Your task: Leave out every picture, and return exactly the lines from the line containing "انیمه Horimiya - هوریمیا" through the end of the records below, both inclusive.

Exercise material:
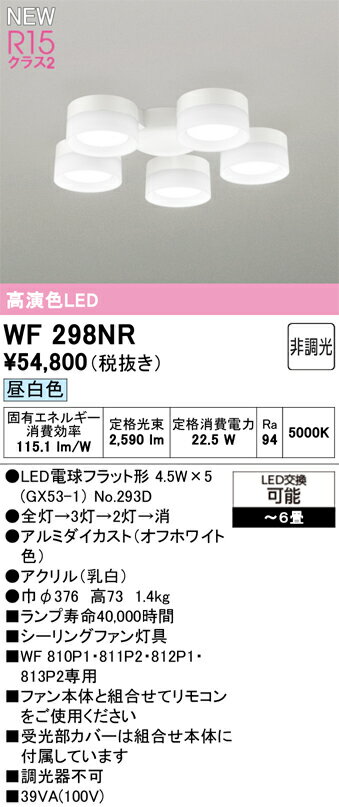 Interior Fans - 【送料無料】T区分 オーデリック WF298NR （ランプ別梱包）『WF298#＋NO293D×5』 シーリングファン 灯具のみ 単独使用不可 〜6畳 LED 安心のメーカー保証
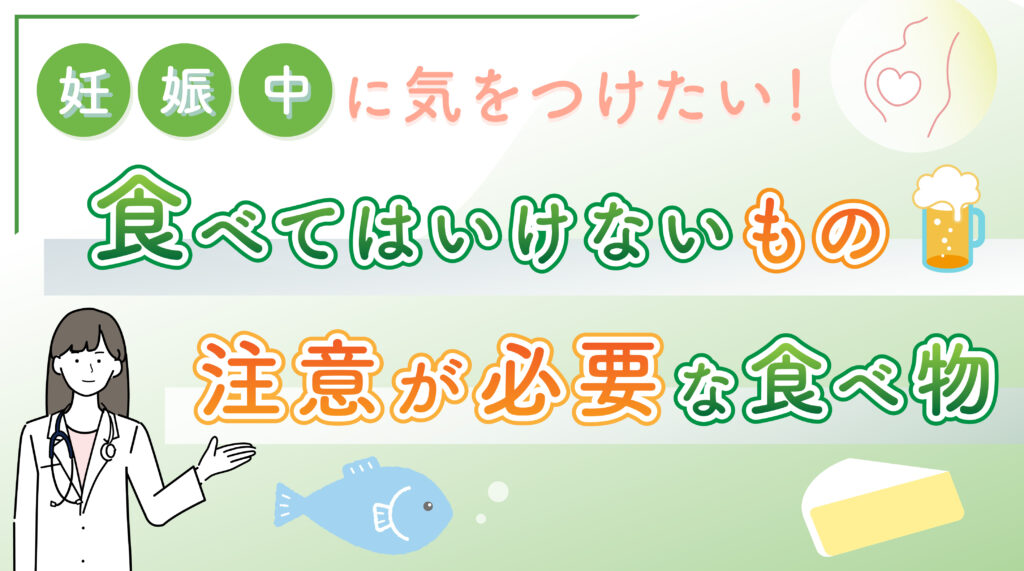 妊娠中に気をつけたい！食べてはいけないもの・注意が必要な食べ物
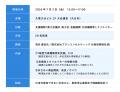 中小企業の競争力強化と新しい価値創造を支援!大分県 中小企業の競争力強化と新しい価値創造を支援!大分県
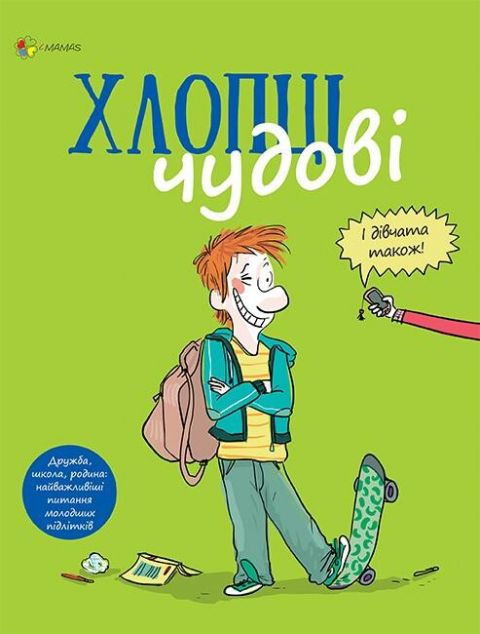 Хлопці чудові (і дівчатка також!)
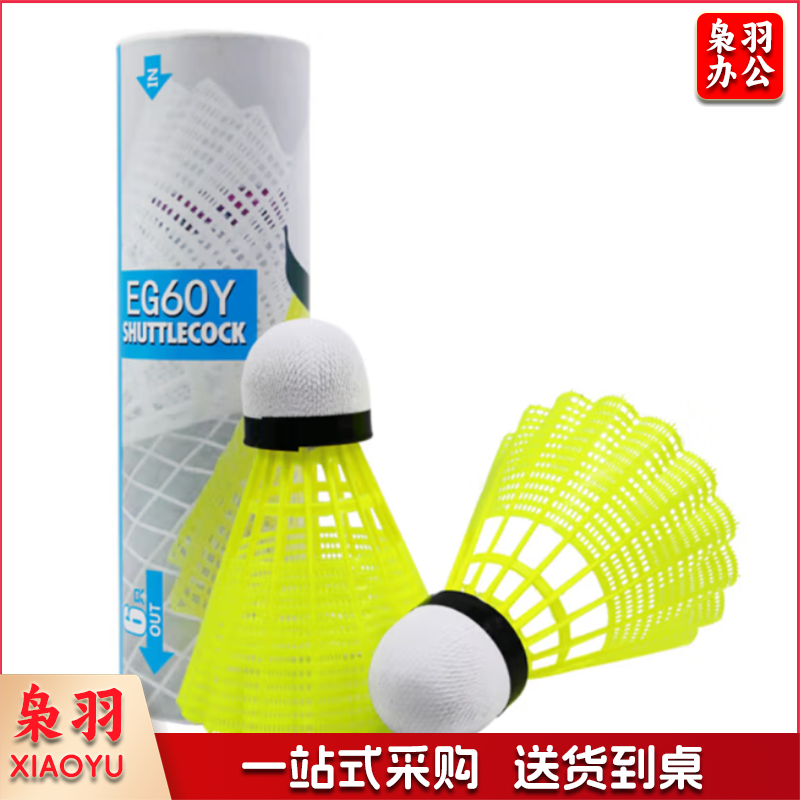 尼龙羽毛球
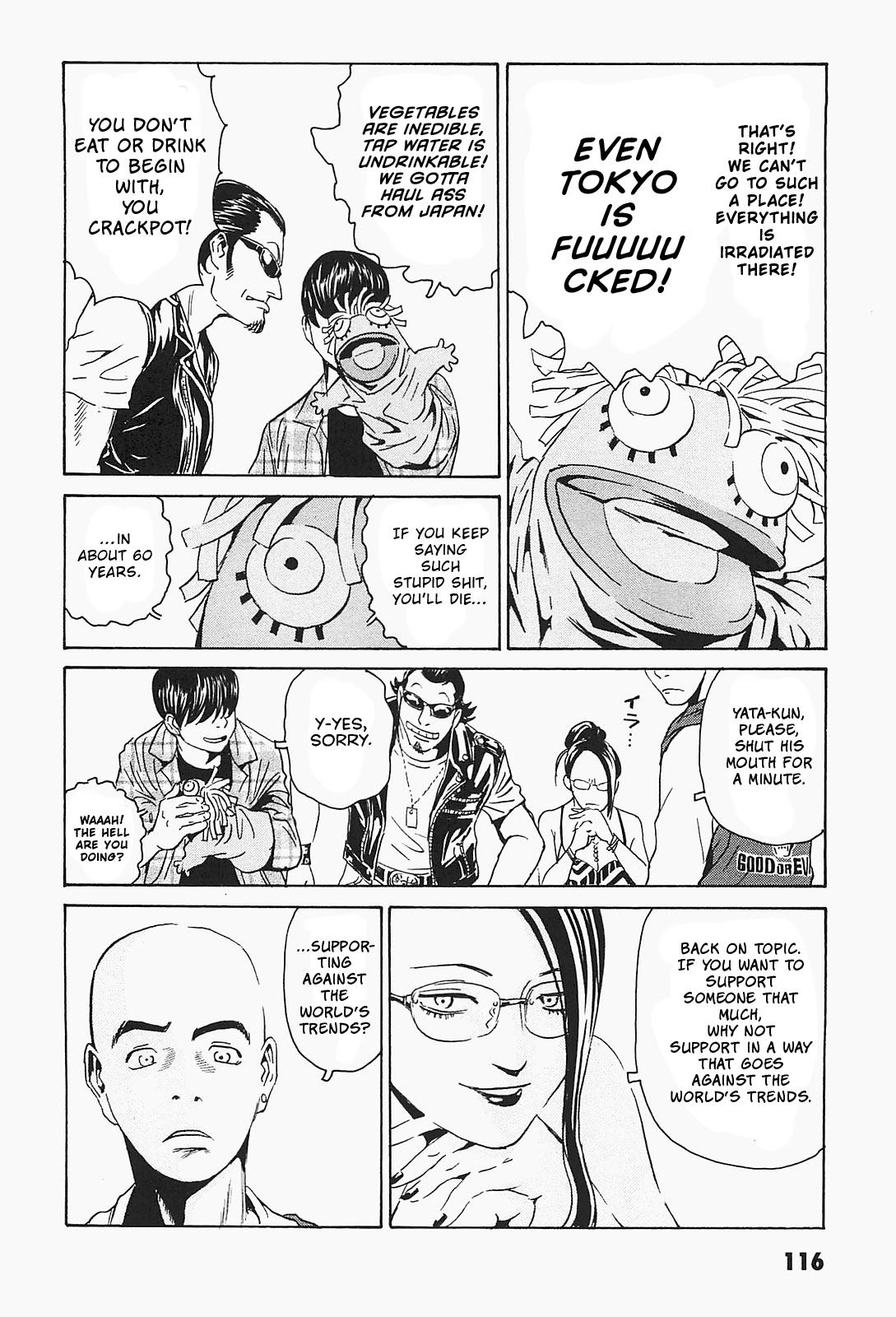 The Kurosagi Corpse Delivery Service Delivery 94 12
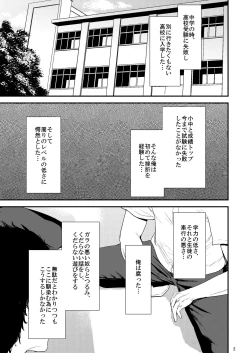 Page 2 of Sukoshi Ki no Tsuyoi Rika no Sensei ga Seito ni Moteasobareru H Na Hon
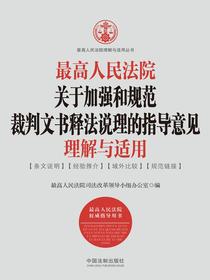 最高人民法院关于加强和规范裁判文书释法说理的指导意见理解与适用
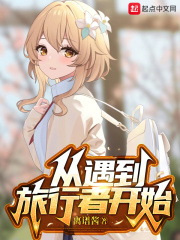 原神:从遇到旅行者开始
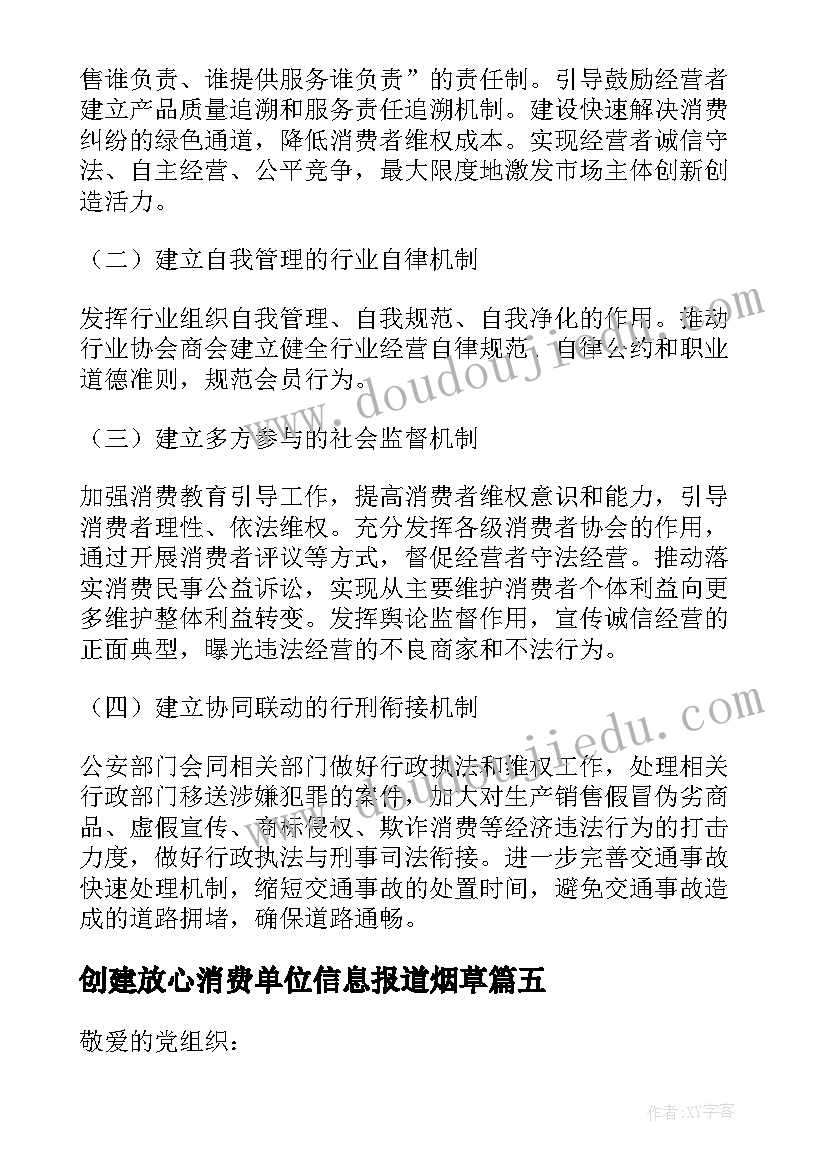 创建放心消费单位信息报道烟草 创建放心舒心消费城市工作计划(优秀5篇)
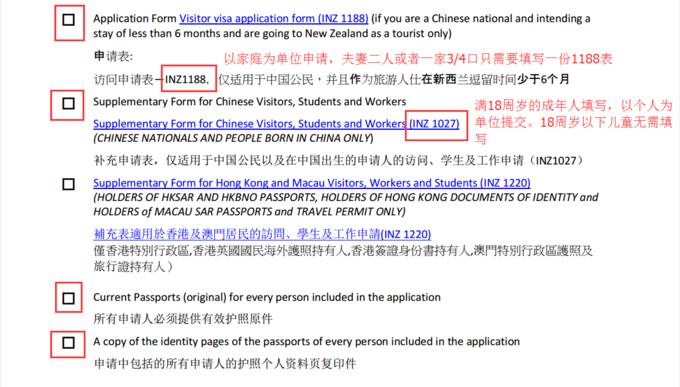 新西兰签证和澳洲签证互通信息,澳洲新西兰自由行签证办理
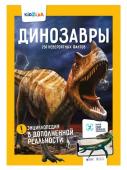 Энциклопедия в дополненной реальности: «Динозавры. 250+ НЕВЕРОЯТНЫХ ФАКТОВ»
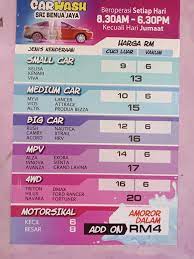 Find almost anything for sale in malaysia on mudah.my, malaysia's largest marketplace. Sbj Car Wash Price List Sbj Car Wash Facebook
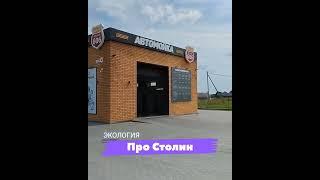 КУДА "ИСПАРЯЕТСЯ" ЯДОВИТАЯ ГРЯЗНАЯ ВОДА С АВТОМОЕК? #столин #автомойка  #охранаприроды #беларусь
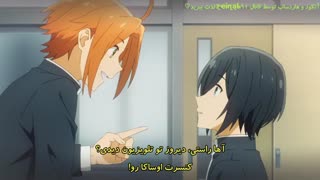 انیمه Horimiya - هوریمیا قسمت 4 با زیرنویس فارسی (زیرنویس چسبیده)
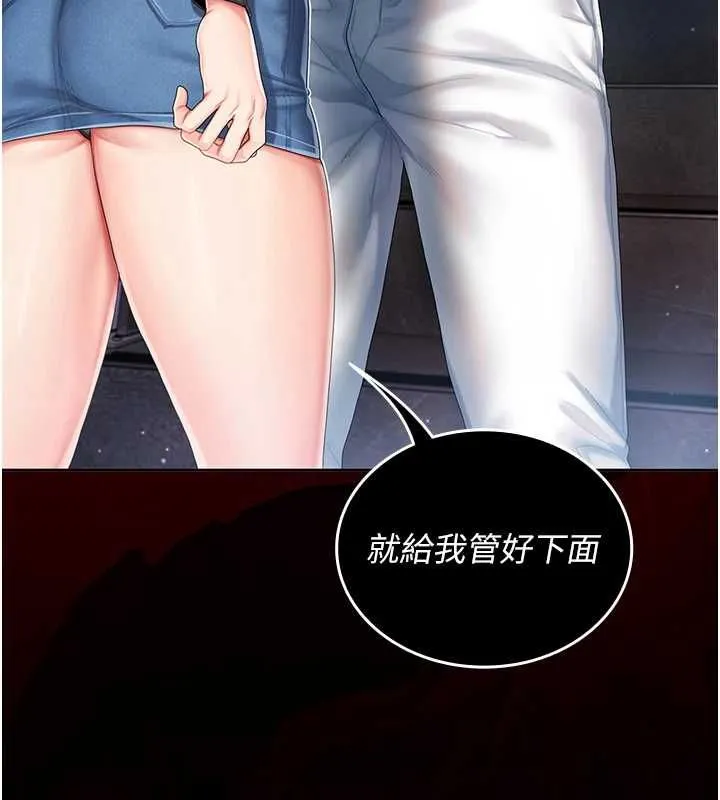 我的in援团 - 第2話-被組長各種霸凌 - page 52
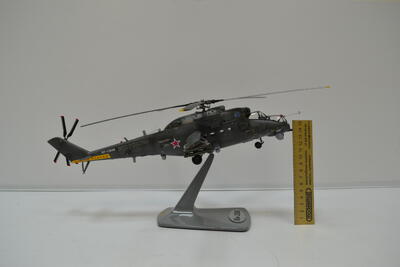Вертолет Ми-35М масштабная модель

Response to this task:
 انیمه Horimiya - هوریمیا قسمت 4 با زیرنویس فارسی (زیرنویس چسبیده)
 我的in援团 - 第2話-被組長各種霸凌 - page 52
Вертолет Ми-35М масштабная модель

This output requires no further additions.